Başta "Bizimkiler" olmak üzere unutulmaz televizyon dizilerine imza atarak yaşarken efsane haline gelen Umur Bugay anılarını ve bazı öykülerini "Oğlum Adam Olacak" adıyla kitaplaştırdı. Geçmişin, yaşadığımız günlere ve geleceğe de ışık tutacağına inananlardan olduğunu belirten Umur Bugay kitabının önsözünde şunları söylüyor:
"Doğumumdan bu günlere tam 76 yıl geçmiş. 10 yaşımda kunduracı yanında çıraklıkla başlamışım çalışma hayatına. Sonra kese kâğıdı imalatı, nargile için özel kömür (mangır) imalatı, vakıflarda puantörlük, muhasebe yardımcılığı... 76 yaşımı sürdürdüğüm şu günlerde de çalışmaktayım. Çalışmayan, boşta gezen, mesleksizlerden dünyaya hayır gelmez. Çalışmak isteyip de iş bulamayanlara sözüm yok... Ne varsa yine işçilerde, emekçilerde var. Biz hocalarımızdan, ustalarımızdan böyle öğrendik. Evet, kapitalistler de çalışıyor, hak yememek lazım ama kendilerine çalışıyorlar. Neyse, etnik ve mezhepsel çatışmaların giderek şiddetlendiği ülkemizde şimdi bir de toplumsal dengesizliklere parmak basarak daha fazla karamsarlık yaratmayalım... 76 yılda başımdan geçen, öykü tadında birçok anıyı, sanatçı arkadaşlarımın 'Yaz bunları. Bir kitap yap, derle. Bak kaç arkadaşımız aramızdan ayrıldı... Günler geçiyor...' baskılı uyarılarıyla yazmaya karar verdim. Sıkılmadan okur, severseniz ben de mutlu olur, sevinirim"

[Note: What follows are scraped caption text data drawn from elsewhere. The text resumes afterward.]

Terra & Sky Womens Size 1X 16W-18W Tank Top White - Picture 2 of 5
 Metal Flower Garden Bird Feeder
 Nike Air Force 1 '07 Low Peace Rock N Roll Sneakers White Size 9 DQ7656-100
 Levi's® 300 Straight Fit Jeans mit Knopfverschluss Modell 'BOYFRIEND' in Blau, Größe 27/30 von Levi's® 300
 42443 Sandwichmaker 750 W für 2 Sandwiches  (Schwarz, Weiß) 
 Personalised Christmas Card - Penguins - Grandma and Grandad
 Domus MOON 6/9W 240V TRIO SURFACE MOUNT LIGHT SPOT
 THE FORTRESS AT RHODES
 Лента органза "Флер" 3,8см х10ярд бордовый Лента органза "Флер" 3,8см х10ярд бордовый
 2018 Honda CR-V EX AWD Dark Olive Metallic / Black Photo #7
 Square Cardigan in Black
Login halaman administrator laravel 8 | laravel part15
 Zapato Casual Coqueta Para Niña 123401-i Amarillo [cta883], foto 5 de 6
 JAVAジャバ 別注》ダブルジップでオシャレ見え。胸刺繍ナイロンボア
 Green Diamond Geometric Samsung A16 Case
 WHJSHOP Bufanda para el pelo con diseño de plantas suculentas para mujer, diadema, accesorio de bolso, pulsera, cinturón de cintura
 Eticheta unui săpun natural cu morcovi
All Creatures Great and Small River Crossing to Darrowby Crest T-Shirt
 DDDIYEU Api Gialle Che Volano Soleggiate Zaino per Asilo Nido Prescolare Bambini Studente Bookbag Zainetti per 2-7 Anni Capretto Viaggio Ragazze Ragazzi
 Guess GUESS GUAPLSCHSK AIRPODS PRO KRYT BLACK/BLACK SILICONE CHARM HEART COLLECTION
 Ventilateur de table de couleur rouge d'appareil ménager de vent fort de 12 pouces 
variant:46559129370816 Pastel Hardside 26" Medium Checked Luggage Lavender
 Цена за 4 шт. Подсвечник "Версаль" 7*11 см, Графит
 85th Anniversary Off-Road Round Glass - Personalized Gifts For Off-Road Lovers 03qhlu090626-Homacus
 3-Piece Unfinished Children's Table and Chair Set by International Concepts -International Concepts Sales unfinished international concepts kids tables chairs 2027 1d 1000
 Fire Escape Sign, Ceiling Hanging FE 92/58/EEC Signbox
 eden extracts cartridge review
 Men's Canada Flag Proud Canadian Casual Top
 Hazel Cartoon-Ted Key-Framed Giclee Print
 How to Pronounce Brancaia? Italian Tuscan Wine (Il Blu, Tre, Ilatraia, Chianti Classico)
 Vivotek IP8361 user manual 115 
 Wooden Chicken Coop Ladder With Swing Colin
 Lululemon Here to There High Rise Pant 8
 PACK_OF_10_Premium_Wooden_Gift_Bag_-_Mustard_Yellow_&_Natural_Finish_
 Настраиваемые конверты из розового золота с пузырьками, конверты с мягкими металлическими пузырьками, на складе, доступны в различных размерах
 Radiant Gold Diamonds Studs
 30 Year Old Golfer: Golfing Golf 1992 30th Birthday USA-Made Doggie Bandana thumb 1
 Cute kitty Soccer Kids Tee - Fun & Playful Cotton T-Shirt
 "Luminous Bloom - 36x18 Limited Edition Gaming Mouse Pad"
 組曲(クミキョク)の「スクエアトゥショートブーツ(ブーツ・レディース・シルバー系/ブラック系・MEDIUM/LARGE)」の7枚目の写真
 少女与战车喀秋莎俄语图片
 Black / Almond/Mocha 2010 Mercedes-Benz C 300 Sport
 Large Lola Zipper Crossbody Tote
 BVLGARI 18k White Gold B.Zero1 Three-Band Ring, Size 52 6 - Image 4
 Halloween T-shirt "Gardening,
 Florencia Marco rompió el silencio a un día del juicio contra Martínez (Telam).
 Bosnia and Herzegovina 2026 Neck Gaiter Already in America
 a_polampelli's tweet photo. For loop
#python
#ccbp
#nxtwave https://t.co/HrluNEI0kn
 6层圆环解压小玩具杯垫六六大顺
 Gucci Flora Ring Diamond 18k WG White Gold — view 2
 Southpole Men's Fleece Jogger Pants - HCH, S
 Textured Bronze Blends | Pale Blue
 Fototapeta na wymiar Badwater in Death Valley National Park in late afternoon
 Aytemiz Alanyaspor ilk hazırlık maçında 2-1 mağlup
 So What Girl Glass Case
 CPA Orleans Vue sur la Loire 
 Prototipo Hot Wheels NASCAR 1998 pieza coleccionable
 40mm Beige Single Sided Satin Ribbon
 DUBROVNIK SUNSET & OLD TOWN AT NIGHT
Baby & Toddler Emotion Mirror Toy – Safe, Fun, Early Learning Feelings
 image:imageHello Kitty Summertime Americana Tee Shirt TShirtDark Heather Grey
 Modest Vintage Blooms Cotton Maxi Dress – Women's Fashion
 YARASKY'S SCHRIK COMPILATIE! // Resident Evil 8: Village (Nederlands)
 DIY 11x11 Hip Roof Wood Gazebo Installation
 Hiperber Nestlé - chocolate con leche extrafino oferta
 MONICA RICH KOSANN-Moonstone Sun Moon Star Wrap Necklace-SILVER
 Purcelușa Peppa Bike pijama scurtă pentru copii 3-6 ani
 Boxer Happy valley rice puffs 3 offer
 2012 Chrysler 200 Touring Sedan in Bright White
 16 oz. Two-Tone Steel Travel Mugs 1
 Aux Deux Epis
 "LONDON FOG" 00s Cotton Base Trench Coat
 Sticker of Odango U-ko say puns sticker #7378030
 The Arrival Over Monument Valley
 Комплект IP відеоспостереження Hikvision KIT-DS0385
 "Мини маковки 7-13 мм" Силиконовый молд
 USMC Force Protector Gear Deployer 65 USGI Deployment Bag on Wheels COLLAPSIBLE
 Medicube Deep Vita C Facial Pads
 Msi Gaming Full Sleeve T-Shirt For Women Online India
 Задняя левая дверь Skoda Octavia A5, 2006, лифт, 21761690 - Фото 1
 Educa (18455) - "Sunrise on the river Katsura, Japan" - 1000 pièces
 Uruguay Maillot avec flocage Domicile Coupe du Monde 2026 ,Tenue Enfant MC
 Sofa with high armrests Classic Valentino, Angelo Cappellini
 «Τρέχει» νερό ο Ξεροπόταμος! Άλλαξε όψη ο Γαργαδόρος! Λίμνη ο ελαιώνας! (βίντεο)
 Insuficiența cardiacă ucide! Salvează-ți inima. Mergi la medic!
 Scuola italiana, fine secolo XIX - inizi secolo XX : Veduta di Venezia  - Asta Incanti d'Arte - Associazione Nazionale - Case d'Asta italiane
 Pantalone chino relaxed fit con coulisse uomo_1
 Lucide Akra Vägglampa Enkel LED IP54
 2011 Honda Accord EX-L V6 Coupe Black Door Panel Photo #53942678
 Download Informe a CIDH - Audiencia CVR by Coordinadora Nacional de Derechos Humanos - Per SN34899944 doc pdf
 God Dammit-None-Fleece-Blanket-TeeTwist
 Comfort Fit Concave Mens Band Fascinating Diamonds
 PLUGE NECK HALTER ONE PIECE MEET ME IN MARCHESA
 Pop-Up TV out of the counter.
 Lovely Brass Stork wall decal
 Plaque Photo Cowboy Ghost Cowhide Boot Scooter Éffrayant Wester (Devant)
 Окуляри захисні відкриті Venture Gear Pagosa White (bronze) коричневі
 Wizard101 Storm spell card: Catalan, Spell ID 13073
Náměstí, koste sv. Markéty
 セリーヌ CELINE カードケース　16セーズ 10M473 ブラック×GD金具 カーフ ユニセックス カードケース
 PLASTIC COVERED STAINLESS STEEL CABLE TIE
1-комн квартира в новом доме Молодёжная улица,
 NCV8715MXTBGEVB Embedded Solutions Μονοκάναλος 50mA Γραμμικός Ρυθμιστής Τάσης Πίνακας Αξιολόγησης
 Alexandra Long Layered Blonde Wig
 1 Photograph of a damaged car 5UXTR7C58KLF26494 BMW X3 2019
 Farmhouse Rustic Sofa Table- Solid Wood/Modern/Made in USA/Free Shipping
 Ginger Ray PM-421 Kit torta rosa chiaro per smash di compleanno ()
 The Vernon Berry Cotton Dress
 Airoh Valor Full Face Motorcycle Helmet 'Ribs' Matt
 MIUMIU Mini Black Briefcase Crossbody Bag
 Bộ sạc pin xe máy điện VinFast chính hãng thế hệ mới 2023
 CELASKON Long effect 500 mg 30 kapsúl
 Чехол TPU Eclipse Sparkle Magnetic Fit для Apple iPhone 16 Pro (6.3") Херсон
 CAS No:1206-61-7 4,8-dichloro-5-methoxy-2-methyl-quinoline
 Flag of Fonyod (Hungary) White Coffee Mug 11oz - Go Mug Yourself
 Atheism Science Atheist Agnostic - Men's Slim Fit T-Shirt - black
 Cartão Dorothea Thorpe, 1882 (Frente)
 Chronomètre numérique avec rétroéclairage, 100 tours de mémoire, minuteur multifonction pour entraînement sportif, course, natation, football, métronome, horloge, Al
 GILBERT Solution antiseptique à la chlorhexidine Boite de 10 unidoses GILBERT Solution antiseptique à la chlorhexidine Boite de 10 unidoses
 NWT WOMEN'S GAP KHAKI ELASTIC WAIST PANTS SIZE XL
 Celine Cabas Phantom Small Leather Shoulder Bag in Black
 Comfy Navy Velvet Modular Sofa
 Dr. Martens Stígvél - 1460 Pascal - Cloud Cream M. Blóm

Özgür Şeyben, kitabın arka kapak yazısında Umur Bugay hakkında şu değerlendirmeyi yapıyor:
"O, meslek hayatı boyunca farklı mecralarda, fakirlerin, ezilenlerin, işçilerin öykülerini anlatmıştı. İşte bu yüzden hepimizle, başka filmlerde, dizilerde, oyunlarda rastlayamadığımız türden organik bir bağ kurmayı, farkına vardırmadan, benliğimize işleyen imgeler yaratmayı becerebilmişti. Çünkü o aynı zamanda bir sosyologtu ve hareketli görüntü sanatlarının aslında bir tür toplum mühendisliği olduğunu herkesten iyi biliyordu." 

Tarihçi Kitapevi Tel:(0216) 418 68 86

***

Avrupa'da Atilla devri

Daha önce kaleme aldığı "Şar Dağının Kurtları", "Argos Kalesi", "Kızıl Atın Süvarisi", "Balkan Şahini" ve "Otranto 1480" romanlarıyla Osmanlı Devleti dönemindeki akıncı beylerinin Balkanlardaki maceralarını anlatan Hasan Erdem, "Atilla'nın Kalkanı"nda bu sefer Avrupa'nın neredeyse tamamını nüfuzu altına alan Türklerin büyük başbuğu Atilla'yı ve onun korkusuz Hun savaşçılarını ele alıyor. Romanda, Atilla'nın tahta çıkışından itibaren Hun Türklerinin bilhassa Romalılar ile giriştikleri kanlı mücadele işleniyor.

Ötüken Neşriyat Tel:(0212) 251 03 50

 

 

 

 

 

***

Şairlerle başbaşa

Araştırma ve şarkı sözü yazarı, çağdaş halk ozanı, besteci, şiir yorumcusu ve KIŞOD Kurucu Başkanı Kıralboğa yönetimindeki  "Şiir Pınarı" dergisi 51. sayıyı ulaştı. Amatör şairlere kol kanat gererek kültür hayatımıza katkıda bulunmayı kendine amaç edindiğini belirten Kıralboğa Şiir ve Müzik Okulu Topluluğu toplantılarını da sürdürüyor. Topluluğun müzikli şiir dinletisi olarak planlanan 180. toplantısı 29 Ocak 2017 Pazar günü (bugün) İstanbul Maltepe İdealtepe'deki Cumhuriyet Kültür Merkezi'nde gercekleştirilecek.